The Motts apple juice was sitting, without a lid, in the fridge when I felt compelled to store some of our organic fungicide in same fridge. The apple juice was situated within about 12 inches of the Trichoderma Viride gallon bottles whose seals were slightly leaky. I think there was some fermentation going on in those bottles causing the liquid to be pushed out of the seal.
The result was a clean tasting sparkling cider. Something that is sold for about 10x the price of apple juice and rightly so. As I was uncertain about the safety, or alcoholic content, of the 2 gallon bottle of apple juice, I drank the entire load myself rather than sharing with my 5 yr old. I can conclude with confidence, the alcohol content was low, again similar to sparkling cider. Surprisingly delicious. Surprising period.
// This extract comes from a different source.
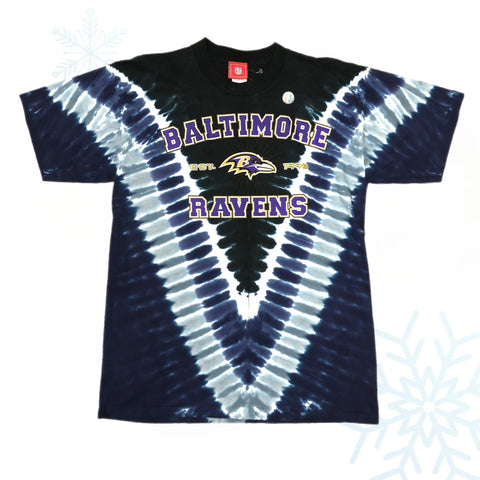 Deadstock NWOT NFL Baltimore Ravens Tie-Dye All Over Print T-Shirt (L)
The Trichoderma Viride needed to be refrigerated and as it was raining and it can only be applied in the sunshine - it had two rainy days to sit in the fridge. Really, I had no other option. In retrospect my fridge was the crucible of a new invention.
After a couple of days of internet research, I conclude that I don't think that the trichoderma was the primary fermenting agent. There must have been some saccaromyces yeasts as well in the culture. I don't think Trichoderma fungus can do this miraculous job but yeasts can and yeasts must have been present in large numbers.
All of a sudden, I am very enamored by yeast. Now back to the laboratory that prepares the Trichoderma Viride to verify my theory.
There now seem to be all sorts of additional uses for my organic fungicide. It no longer seems so expensive.